View Full Version : New math kits prepared by Idaho inmates


TNC
12-14-2004, 08:19 PM
06:34 PM MST on Tuesday, December 14, 2004

Robbie Johnson
Idaho's NewsChannel 7

BOISE -- Idaho inmates are in prison because they broke the law, but now they are helping to break new ground in the classroom.
Their efforts are adding up to better testing techniques for elementary school mathematics.

Assessing math skills for younger grades often takes more than just a paper and pen. But this new test needed the help of criminals to get put together.

They may not be Santa’s little elves, but these Idaho inmates are busy working on a present for Idaho teachers and students.

The offenders are putting the pages together on a new math kit that will help Idaho teachers test kindergarten through second grade students.

“We’ve had upwards of 30 inmates employed and upwards of a hundred workers on this project since it started,” said Martin Thomas with Idaho Correctional Industries.

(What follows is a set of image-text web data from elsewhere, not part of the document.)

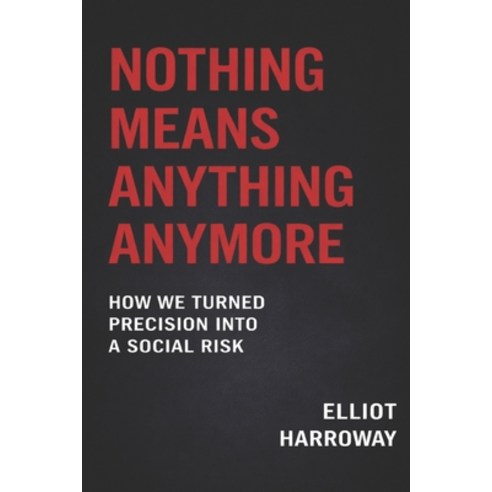 (영문도서)Nothing Means Anything Anymore: How We Turned Precision Into a Social Risk Paperback, Independently Published, English, 9798245260440
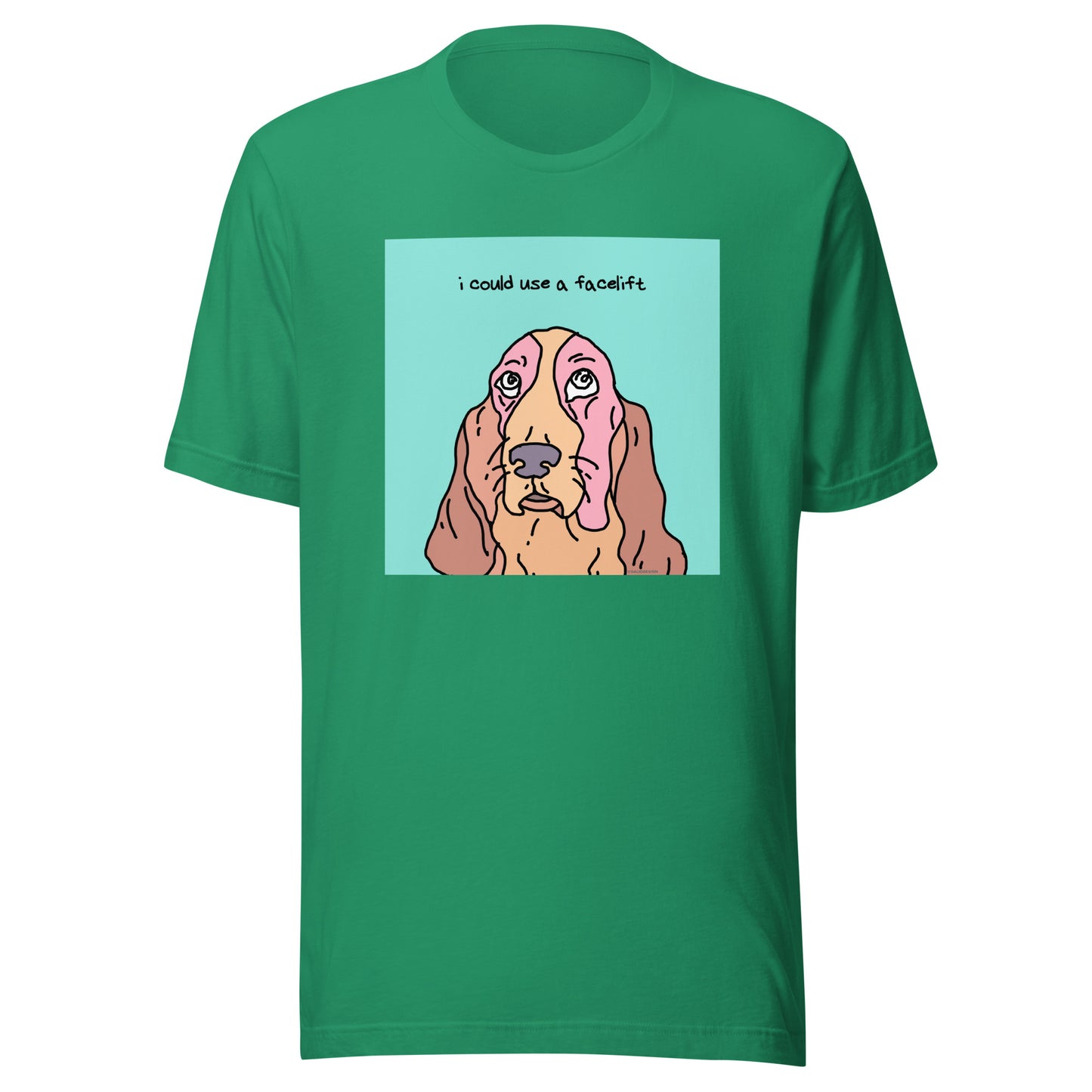 I Could Use a Facelift - Unisex t-shirt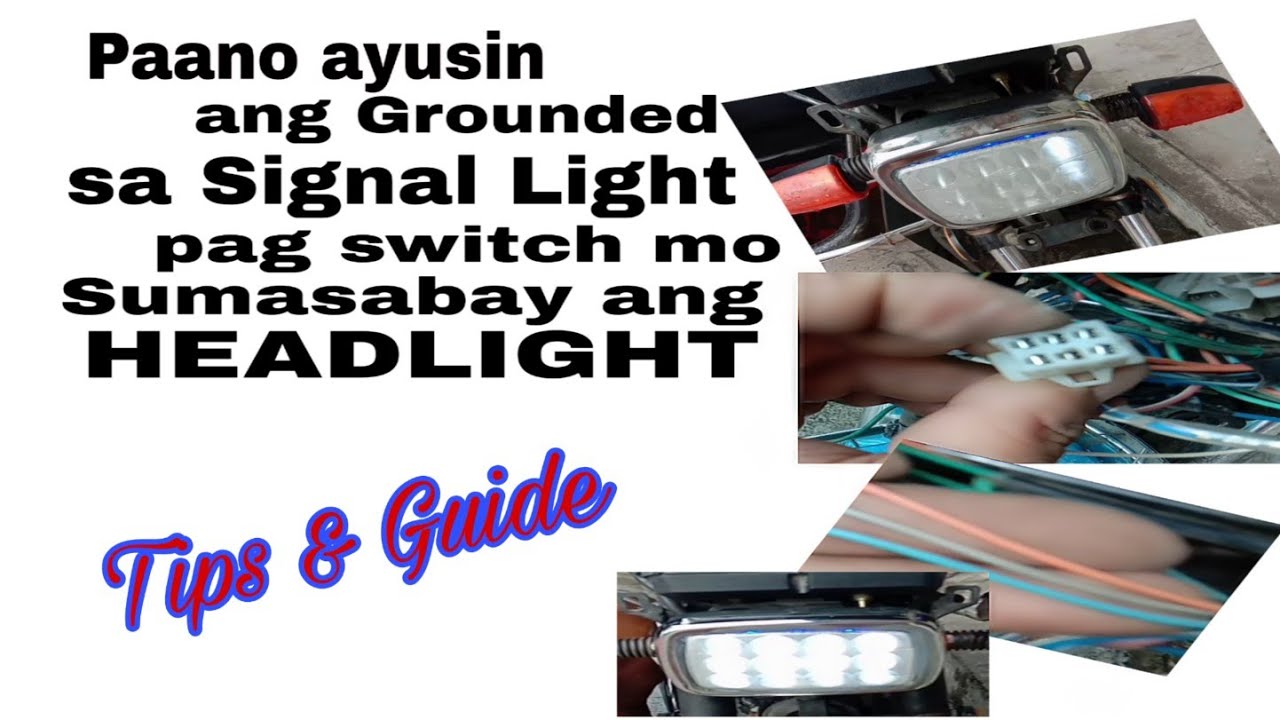 Paano ayusin ang Grounded sa signal Light Pag switch mo sumasabay ang HEADLIGHT YouTube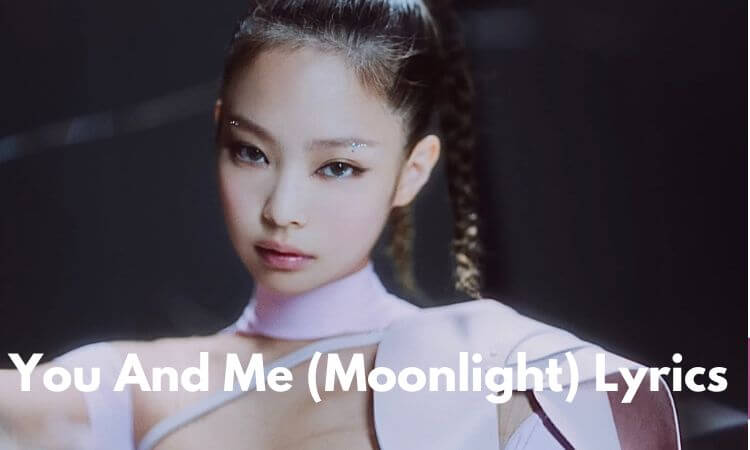 BLACKPINK Jennie You And Me (Moonlight) Lyrics 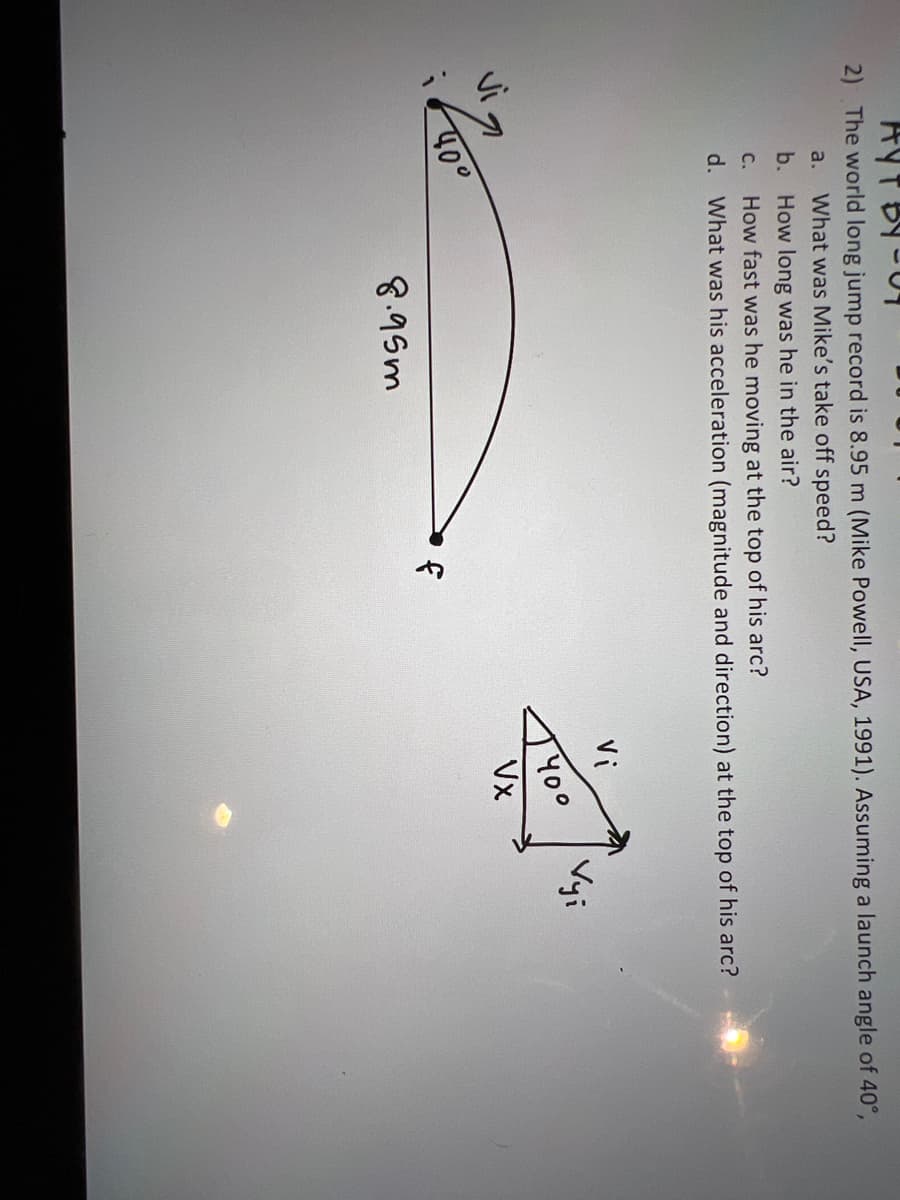 AYT BY-C
2) The world long jump record is 8.95 m (Mike Powell, USA, 1991). Assuming a launch angle of 40°,
a. What was Mike's take off speed?
b.
How long was he in the air?
C. How fast was he moving at the top of his arc?
d. What was his acceleration (magnitude and direction) at the top of his arc?
40°
8.95m
LY
Vi
400
Vx
Vyi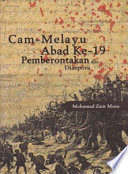 Cam-Melayu abad ke-19 : pemberontakan dan diaspora /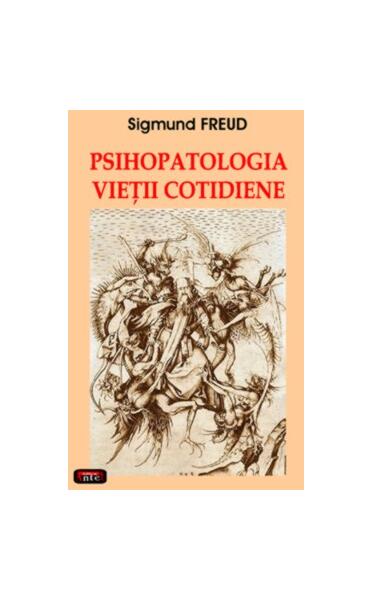 Psihopatologia vieţii cotidiene - Sigmund Freud - Antet Revolution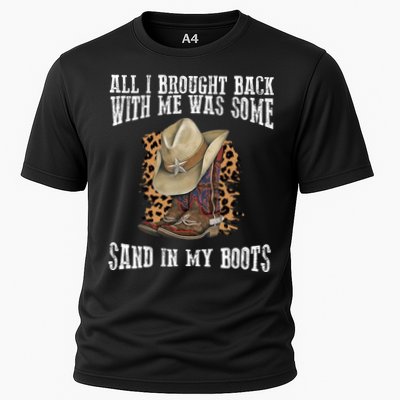 All I Brought Back With Me Was Some Sand In My Boots Performance Shirt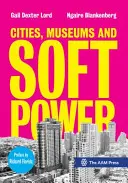 Orașe, muzee și soft power - Cities, Museums and Soft Power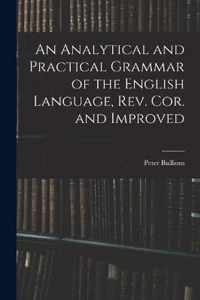 An Analytical and Practical Grammar of the English Language, Rev. Cor. and Improved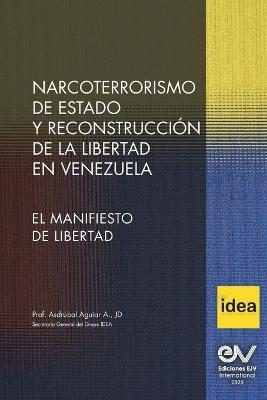 NARCOTERRORIMO DE ESTADO Y RECONSTRUCCION DE LA LIBERTAD EN VENEZUELA. Manifiesto de Libertad - Asdubal Aguiar - cover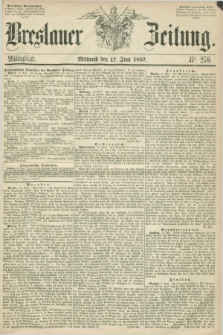 Breslauer Zeitung. 1857, Nr. 276 (17 Juni) - Mittagblatt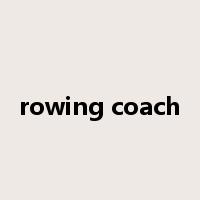 rowing coach是什么意思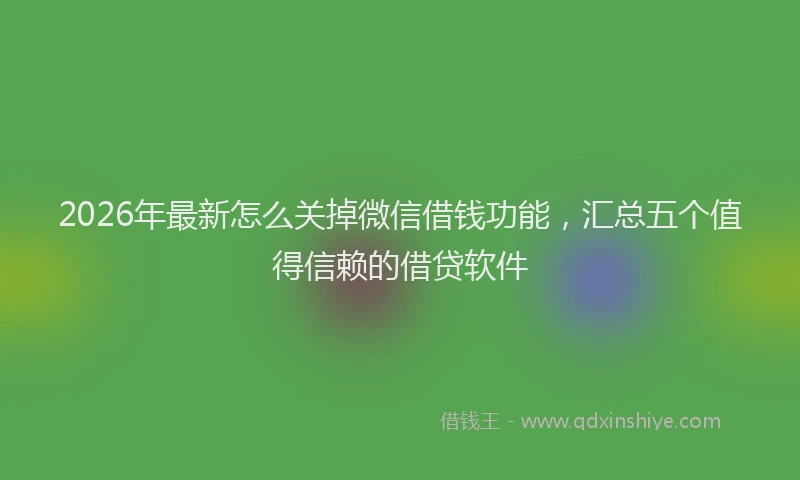 2026年最新怎么关掉微信借钱功能，汇总五个值得信赖的借贷软件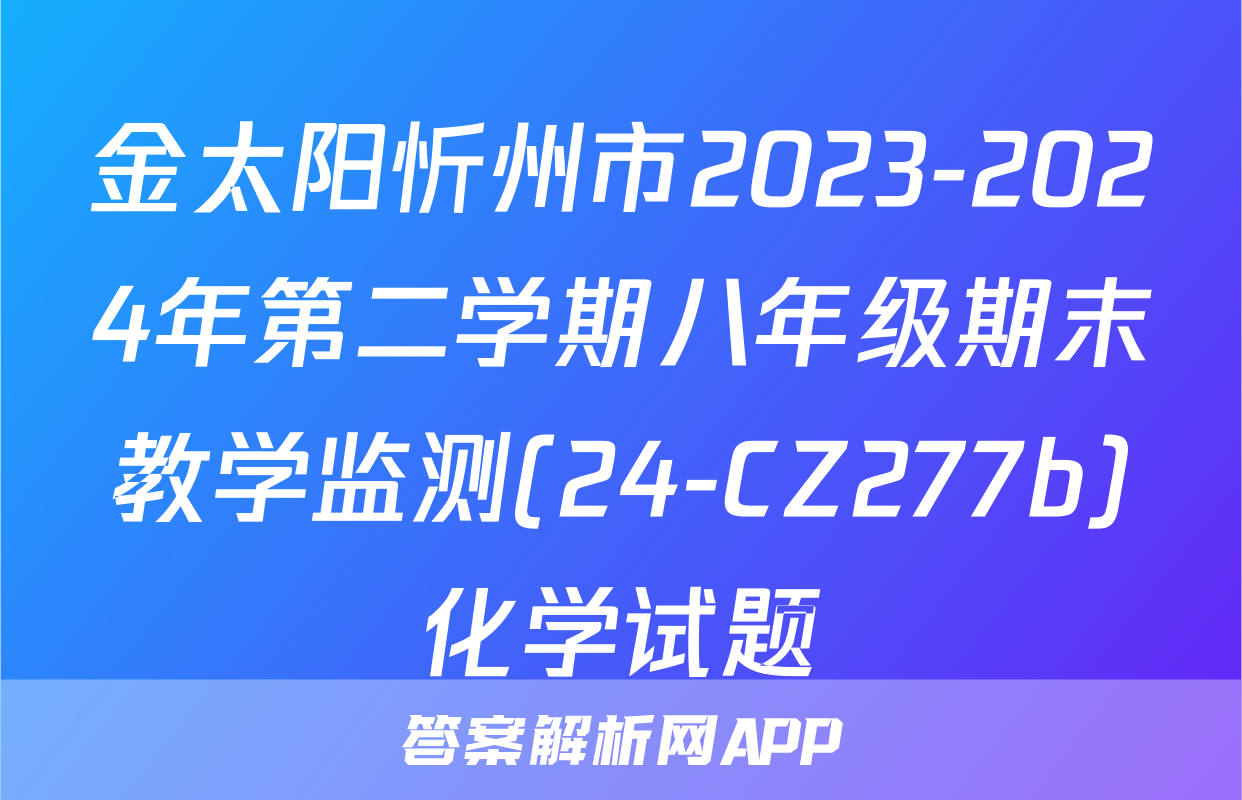 金太阳忻州市2023-2024年第二学期八年级期末教学监测(24-CZ277b)化学试题
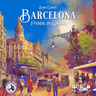Barcelona: Passeig de Gràcia - Thirsty Meeples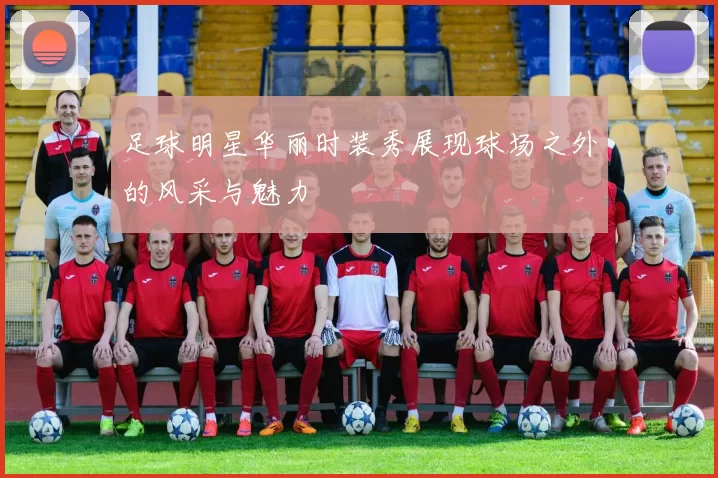 足球明星华丽时装秀展现球场之外的风采与魅力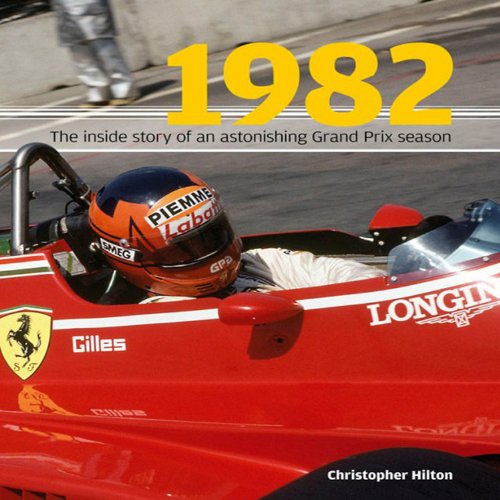 Télécharger 1982: The Inside Story of the Sensational Grand Prix Season Livre eBook France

The project started in early November and the assignment was to make more than 2,600 kits, and have them in schools after the Christmas holiday break.

"We manufactured the print part and that's pretty much what we did in this kit and the labor to assemble the kit," Thomas said.

The final touches are nearly complete, and thanks the inmate labor, the cost for each kit is just $72 dollars, much less than if a private company did the job.

The kit will measure student thought-processes in a way that has not been available to Idaho teachers before, by using things like geometric shapes and spinners.

"This actually gives the teacher a window into their children's thinking, so we can make instructional decisions based on what individual students in our classroom know," said Lucy Hahn, one of the kit’s developers.

The math kit is a version of a test used in Mississippi, where offenders also helped put them together.

Here in Idaho, it will go a long way in improving student math skills and allow inmates a chance to give a little something back.

“I think it’s a great opportunity for the kids in the schools to have things like this, because we never had this kind of stuff growing up," said inmate Kyle Koepnick.

The tests are designed help prepare students for the Idaho standards achievement tests which begin in second grade. The kits will go to every elementary school in Idaho.